* **Brief**: I need the lines from the one with "a large open" through the end of the material, copied exactly and with nothing else included.

* **Records shown**:
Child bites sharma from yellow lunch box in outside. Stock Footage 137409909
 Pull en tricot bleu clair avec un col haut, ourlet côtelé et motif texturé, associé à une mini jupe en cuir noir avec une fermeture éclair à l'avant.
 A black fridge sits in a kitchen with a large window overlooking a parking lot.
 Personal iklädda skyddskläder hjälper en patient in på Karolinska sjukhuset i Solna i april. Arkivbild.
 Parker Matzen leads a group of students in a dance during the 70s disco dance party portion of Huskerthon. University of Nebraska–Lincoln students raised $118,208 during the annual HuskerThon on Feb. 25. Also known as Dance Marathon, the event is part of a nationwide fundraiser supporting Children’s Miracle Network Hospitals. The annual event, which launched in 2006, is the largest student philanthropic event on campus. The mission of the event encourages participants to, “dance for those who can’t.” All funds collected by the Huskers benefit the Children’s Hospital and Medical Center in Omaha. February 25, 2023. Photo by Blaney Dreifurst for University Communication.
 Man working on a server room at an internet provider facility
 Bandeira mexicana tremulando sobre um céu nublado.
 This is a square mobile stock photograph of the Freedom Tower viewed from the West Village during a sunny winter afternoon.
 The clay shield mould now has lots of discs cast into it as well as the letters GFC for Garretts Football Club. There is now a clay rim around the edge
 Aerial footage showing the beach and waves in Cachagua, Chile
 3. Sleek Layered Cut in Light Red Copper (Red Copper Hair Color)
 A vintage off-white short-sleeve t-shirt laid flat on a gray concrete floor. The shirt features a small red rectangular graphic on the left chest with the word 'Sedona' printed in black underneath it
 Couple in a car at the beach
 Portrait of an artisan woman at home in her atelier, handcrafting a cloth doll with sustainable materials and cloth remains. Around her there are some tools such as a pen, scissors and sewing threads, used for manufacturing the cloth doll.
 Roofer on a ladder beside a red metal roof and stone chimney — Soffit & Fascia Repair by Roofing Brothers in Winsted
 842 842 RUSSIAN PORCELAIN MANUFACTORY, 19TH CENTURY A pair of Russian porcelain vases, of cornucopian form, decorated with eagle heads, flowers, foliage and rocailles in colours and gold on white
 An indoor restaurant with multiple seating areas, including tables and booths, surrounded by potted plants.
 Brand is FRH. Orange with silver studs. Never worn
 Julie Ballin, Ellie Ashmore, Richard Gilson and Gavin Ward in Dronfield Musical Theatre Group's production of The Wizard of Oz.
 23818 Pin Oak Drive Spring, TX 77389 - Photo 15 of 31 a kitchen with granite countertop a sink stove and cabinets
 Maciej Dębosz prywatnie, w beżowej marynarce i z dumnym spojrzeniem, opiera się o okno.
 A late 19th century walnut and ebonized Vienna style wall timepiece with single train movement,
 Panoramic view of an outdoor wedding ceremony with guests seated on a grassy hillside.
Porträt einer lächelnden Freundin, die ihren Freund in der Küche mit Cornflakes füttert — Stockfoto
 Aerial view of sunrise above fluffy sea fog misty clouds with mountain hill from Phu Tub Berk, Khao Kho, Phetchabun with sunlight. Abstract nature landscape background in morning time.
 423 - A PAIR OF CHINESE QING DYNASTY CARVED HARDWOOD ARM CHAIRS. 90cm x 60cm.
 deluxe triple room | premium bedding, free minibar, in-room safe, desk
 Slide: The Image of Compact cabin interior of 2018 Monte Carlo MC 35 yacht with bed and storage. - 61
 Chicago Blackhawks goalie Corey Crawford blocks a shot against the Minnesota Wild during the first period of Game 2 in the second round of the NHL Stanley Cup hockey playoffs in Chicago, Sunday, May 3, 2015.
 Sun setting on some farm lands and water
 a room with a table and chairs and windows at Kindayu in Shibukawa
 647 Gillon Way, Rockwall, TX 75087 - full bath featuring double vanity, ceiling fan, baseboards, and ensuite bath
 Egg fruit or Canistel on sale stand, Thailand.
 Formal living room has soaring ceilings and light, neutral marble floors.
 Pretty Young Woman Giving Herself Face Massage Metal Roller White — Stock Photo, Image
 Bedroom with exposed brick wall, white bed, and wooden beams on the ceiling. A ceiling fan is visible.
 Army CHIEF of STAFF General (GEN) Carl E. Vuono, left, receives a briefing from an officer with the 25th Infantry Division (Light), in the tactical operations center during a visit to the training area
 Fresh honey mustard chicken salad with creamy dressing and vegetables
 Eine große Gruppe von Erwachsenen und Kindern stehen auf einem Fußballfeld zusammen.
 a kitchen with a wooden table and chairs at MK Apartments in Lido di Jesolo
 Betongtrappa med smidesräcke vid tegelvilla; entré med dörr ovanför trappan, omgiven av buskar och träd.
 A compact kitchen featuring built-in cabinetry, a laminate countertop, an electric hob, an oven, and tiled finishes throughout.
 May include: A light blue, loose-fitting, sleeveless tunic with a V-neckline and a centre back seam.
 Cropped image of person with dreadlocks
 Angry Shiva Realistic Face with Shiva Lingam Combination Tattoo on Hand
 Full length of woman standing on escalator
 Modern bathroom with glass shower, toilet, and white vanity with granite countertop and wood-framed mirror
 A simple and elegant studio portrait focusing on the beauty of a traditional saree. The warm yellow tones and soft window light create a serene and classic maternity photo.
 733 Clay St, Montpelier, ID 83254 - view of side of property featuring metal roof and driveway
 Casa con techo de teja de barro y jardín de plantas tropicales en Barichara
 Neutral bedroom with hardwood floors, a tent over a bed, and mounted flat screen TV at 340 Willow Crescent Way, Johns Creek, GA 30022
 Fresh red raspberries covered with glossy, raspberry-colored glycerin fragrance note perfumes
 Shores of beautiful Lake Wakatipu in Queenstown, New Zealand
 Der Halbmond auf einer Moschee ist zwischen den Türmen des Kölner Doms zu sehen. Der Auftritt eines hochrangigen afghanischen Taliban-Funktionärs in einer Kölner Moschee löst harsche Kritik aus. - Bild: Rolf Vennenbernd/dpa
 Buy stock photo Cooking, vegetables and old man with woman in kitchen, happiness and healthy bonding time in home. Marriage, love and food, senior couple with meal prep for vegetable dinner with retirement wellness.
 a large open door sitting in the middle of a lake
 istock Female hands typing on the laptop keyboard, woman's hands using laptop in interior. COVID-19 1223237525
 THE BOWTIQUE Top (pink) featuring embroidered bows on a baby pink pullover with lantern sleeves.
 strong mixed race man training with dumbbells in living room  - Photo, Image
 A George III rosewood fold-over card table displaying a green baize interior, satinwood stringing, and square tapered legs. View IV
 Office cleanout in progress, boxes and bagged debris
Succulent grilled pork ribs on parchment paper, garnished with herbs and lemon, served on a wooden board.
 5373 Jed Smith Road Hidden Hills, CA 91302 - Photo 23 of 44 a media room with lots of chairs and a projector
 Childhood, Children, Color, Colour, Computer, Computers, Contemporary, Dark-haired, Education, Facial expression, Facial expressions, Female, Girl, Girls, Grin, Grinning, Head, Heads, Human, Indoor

* **Result of the exercise**:
 a large open door sitting in the middle of a lake
 istock Female hands typing on the laptop keyboard, woman's hands using laptop in interior. COVID-19 1223237525
 THE BOWTIQUE Top (pink) featuring embroidered bows on a baby pink pullover with lantern sleeves.
 strong mixed race man training with dumbbells in living room  - Photo, Image
 A George III rosewood fold-over card table displaying a green baize interior, satinwood stringing, and square tapered legs. View IV
 Office cleanout in progress, boxes and bagged debris
Succulent grilled pork ribs on parchment paper, garnished with herbs and lemon, served on a wooden board.
 5373 Jed Smith Road Hidden Hills, CA 91302 - Photo 23 of 44 a media room with lots of chairs and a projector
 Childhood, Children, Color, Colour, Computer, Computers, Contemporary, Dark-haired, Education, Facial expression, Facial expressions, Female, Girl, Girls, Grin, Grinning, Head, Heads, Human, Indoor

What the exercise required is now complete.